§ **What this task involves**: With pictures excluded, output exactly the lines that run from the first line of the data below through the line containing "Preview for 333".

§ **The input**:
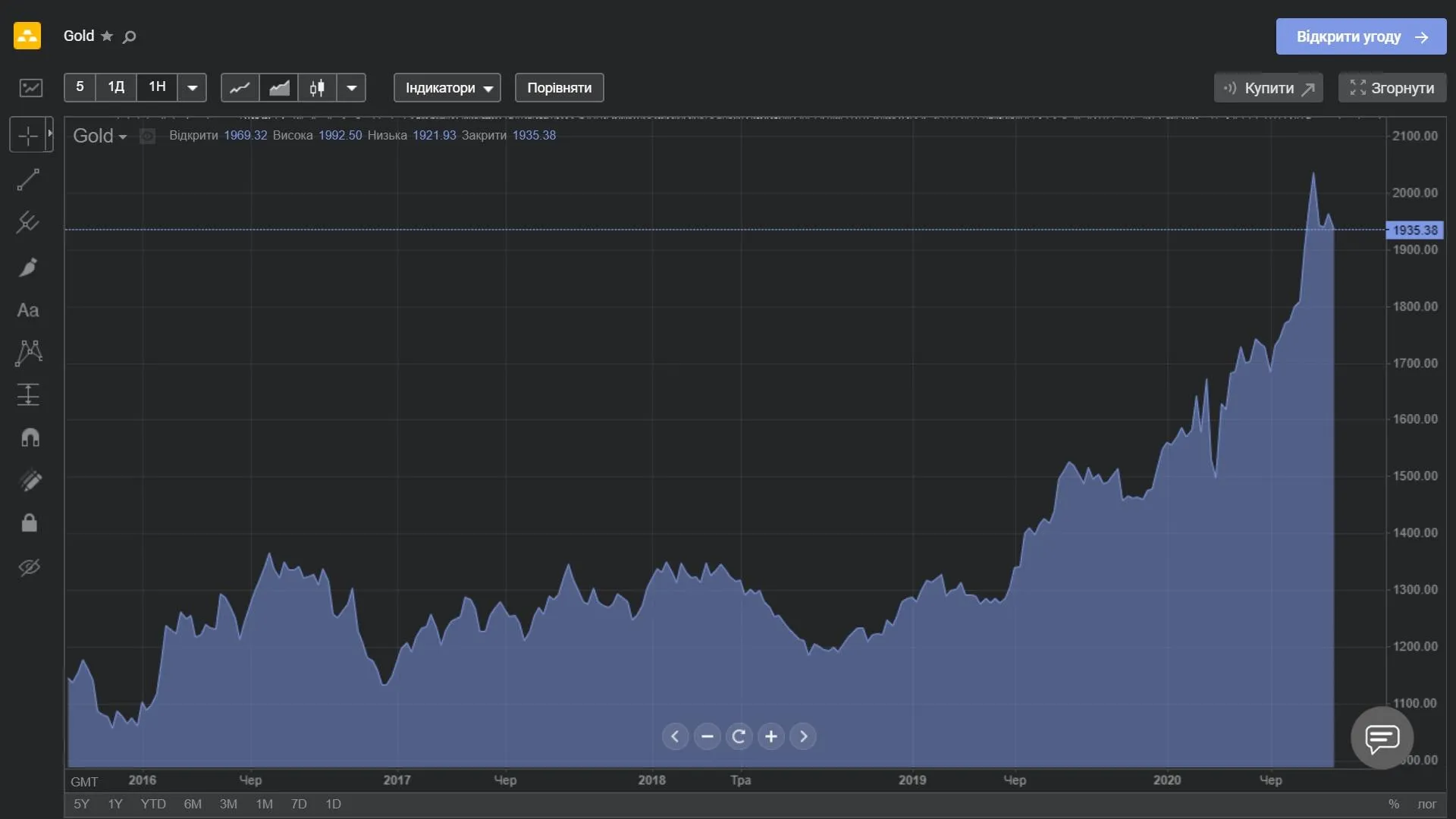 Ціна золота за останні 5 років Ціна золота за останні 5 років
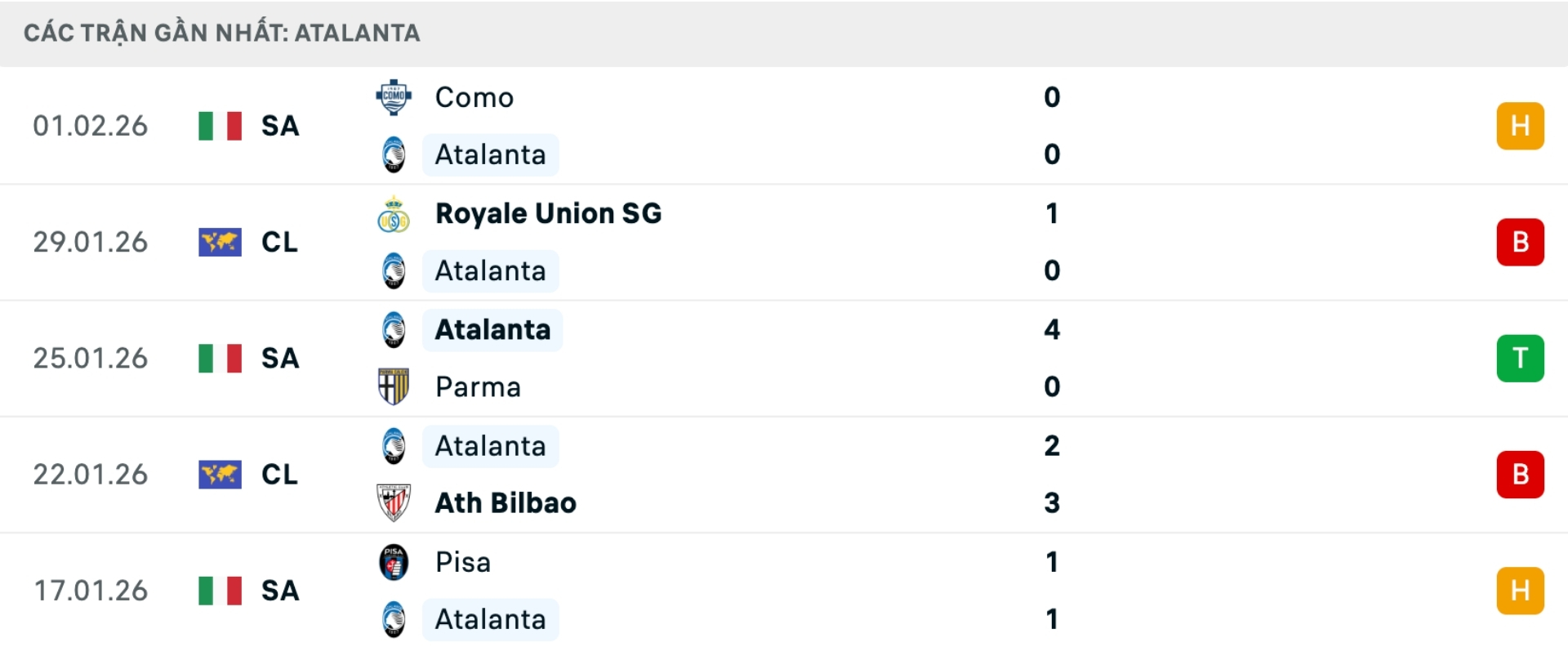 Nhận định b&oacute;ng đ&aacute; Atalanta vs Juventus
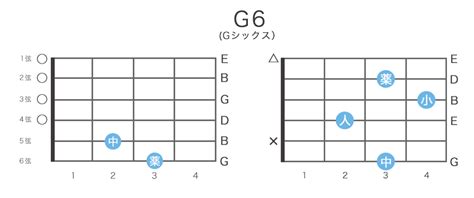 G6コード (Gシックス) の押さえ方12通り・指板図・構成音 | ギターコード辞典 by ギタコン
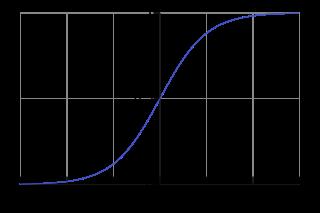 Logistic regression In linear regression, we often assume that the noise has a Gaussian distribution.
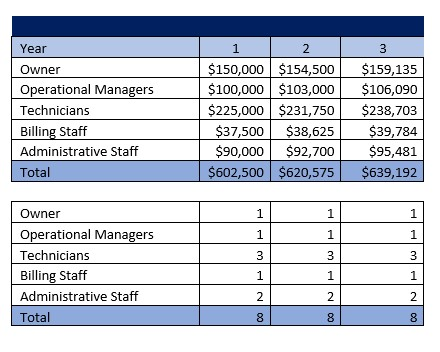 DNA Testing Lab Payroll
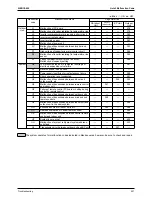 Preview for 333 page of Daikin Super Multi Plus E-Series Service Manual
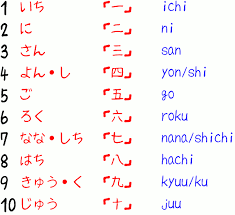 Rocket Languages Japanese Phrases Learn Japanese Words Japanese Words
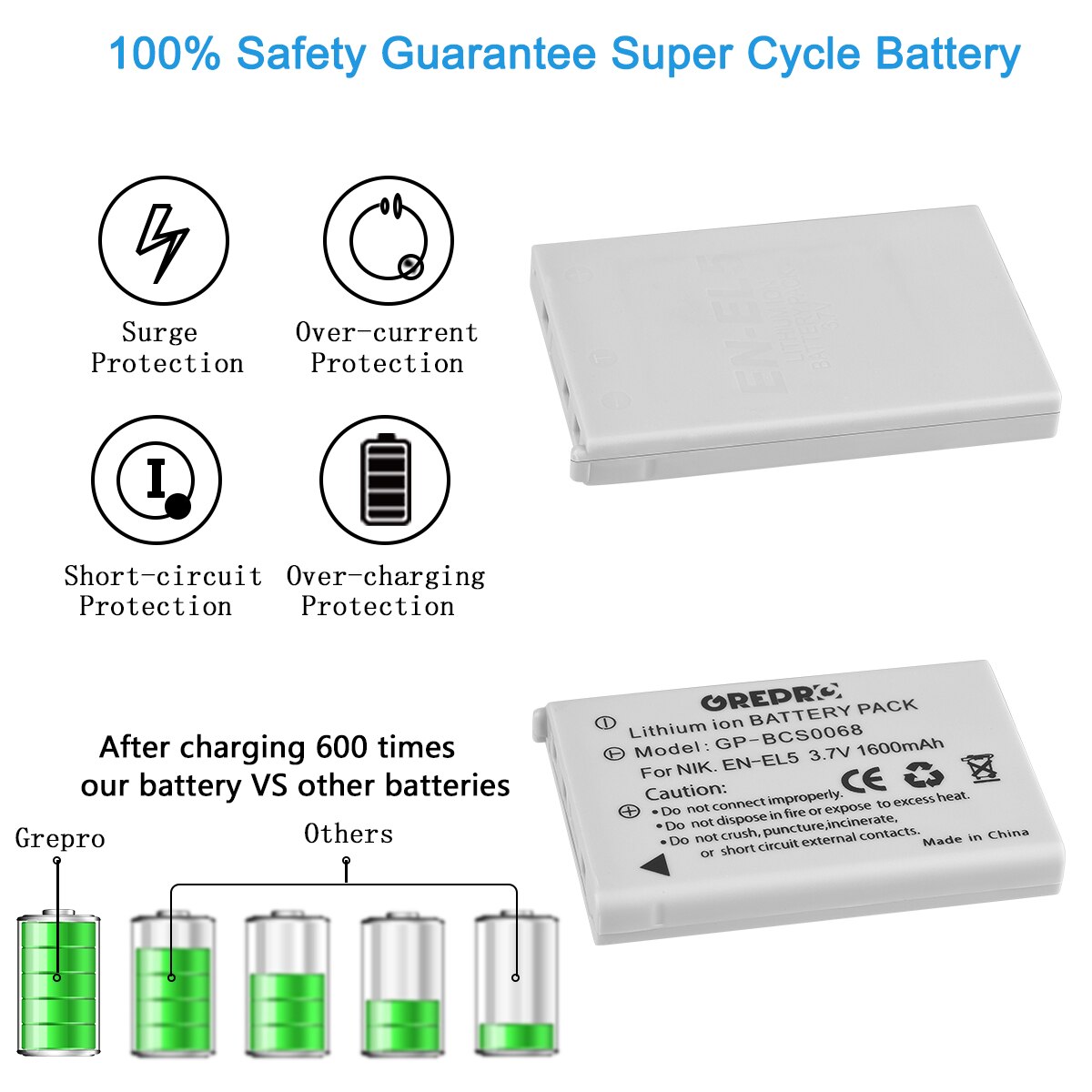 EN-EL5 ENEL5 Batterij Met Lader Voor Nikon En EL5 Coolpix P530 P520 P510 P100 P500 P6000 3700 4200 P5000 P5100 camera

§ **Output below**:
 Ціна золота за останні 5 років Ціна золота за останні 5 років
 Nhận định b&oacute;ng đ&aacute; Atalanta vs Juventus
 G6コード (Gシックス) の押さえ方12通り・指板図・構成音 | ギターコード辞典 by ギタコン
 Logistic regression In linear regression, we often assume that the noise has a Gaussian distribution.
 DNA Testing Lab Payroll
 Preview for 333 page of Daikin Super Multi Plus E-Series Service Manual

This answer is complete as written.